Thinking about it. The Drowned World and Heart of Darkness. Brave New World and The Tempest. The Man in the High Castle and I Ching. Mefisto in Onyx and Faust. The Door into Summer and Satyricon. The Centauri Device and Comus. And now, this book: Beggars in Spain and Fountainhead.
I so very much enjoyed reading this book, too. I knew I would, ever since we brought it back from the used book store in Anaheim, last July. I did have a false disappointment when I first started it, though. The writing is imprecise; the science of sleep is skewed (long ago, I did have both a fascination with sleep and dreams, as well as ethology classes and Sleep Psychology in Irvine); it started with a juvenile character’s point of view. These flaws placed boulders right in front of the starting gate, as far as I was concerned. But imprecise writing is much more forgivable than pretentious writing (ala Octavia Butler, for instance), and given the deep history and life that swam out of the pages of this book, I was soon lost in the story, not noticing the writing at all, but living in the story itself – the sign of a great book. There were parts I lost faith in, but the story quickly wound me back in. Therefore, I look at this book as not so much as a piece of literature but as a living entity with its own flaws and outstanding virtues – an entity for whom I have great affection.
I know why I connected with this book so strongly. It touches on many themes dear to my heart, but it touches on something that has plagued me in particular: the envy of others. I have always dealt (and not well) with other people who were angry and hateful toward me because I could do (with my writing, my creativity, my comprehension, my sense of honor) what they could not – because, as my father put it when I was in first grade and ranting against the unfairness of it all, “They hate you because you are the bear with the brightest eyes.” Well, finally, here was a story that understood that, and therefore, understood me.
Kress writes winning characters. After looking up her website (I was wondering if she were local, because there are allusions to both Morro Bay and Monterey – she’s not), I saw that she had written a nonfiction book on characterization. I bought it. Sigh. And because there was a discount, I bought another of her books on plotting. Double sigh. I’m an addict.

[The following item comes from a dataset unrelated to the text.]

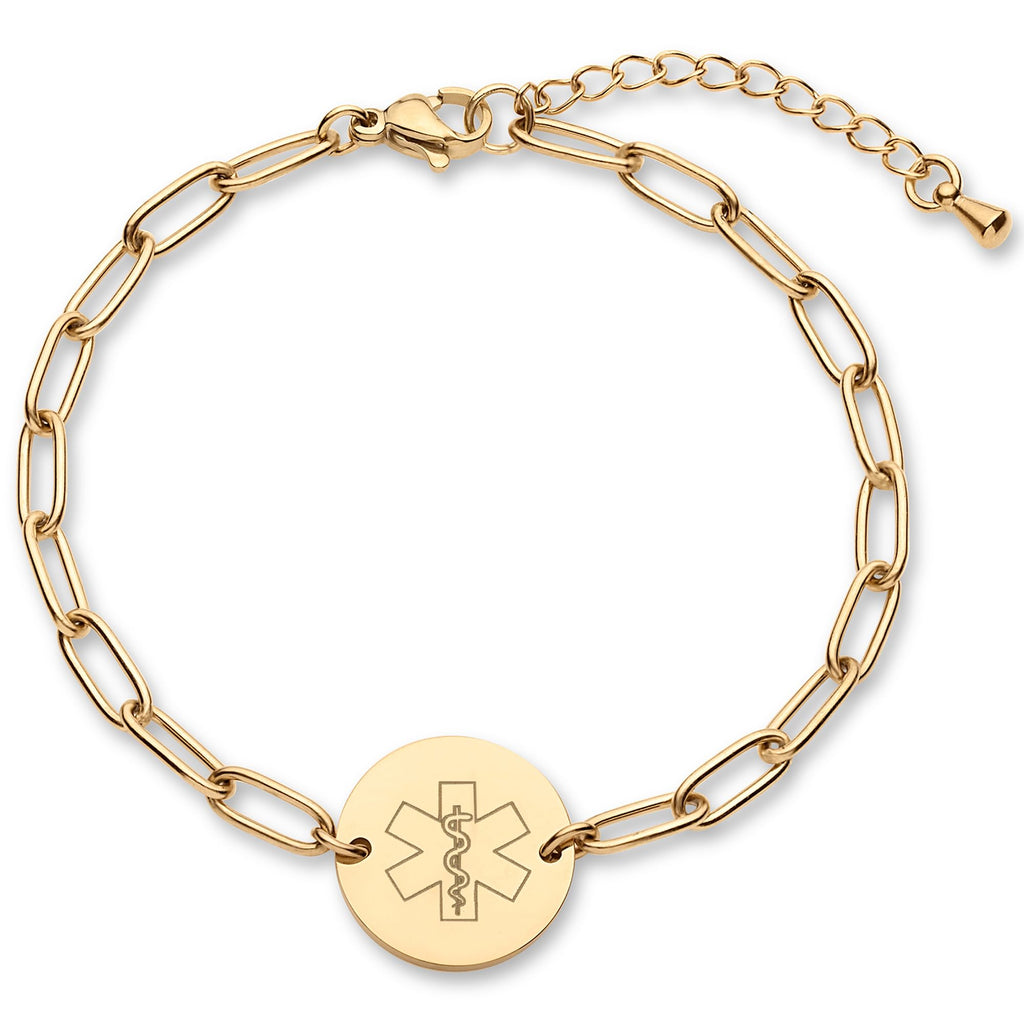 Medical Alert ID Bracelet for Women, Gold Silver Rose Paperclip Adjustable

In anticipation that this would be a wonderful book, I had bought a fancy beaded and tasseled “Dragonology” bookmark to replace the worn paper one that I had bought at the natural history museum in Paris. (That one was supposed to end up in the photo album. It still might.) It dawns on me that I have always admired those lovely, fancy bookmarks that are for sale everywhere (especially in bookstores), but have never bought one. That will change. It has pleased me so much, it is just ridiculous that a small piece of plastic can make me feel that rich and worldly.
This writing lesson is so valuable for me: that like our own world, other literatures act as a kind of physics in the world of Story. There is a great lesson on character building, too. Regardless of the flaws a character has, if they have some admirable qualities, they become sympathetic. I loved Leisha’s “naive idealism” and light-filled joy, but I also loved Jennifer’s fierce ability to control her thoughts and create three-dimensional diagram trees in the bleakest of environments.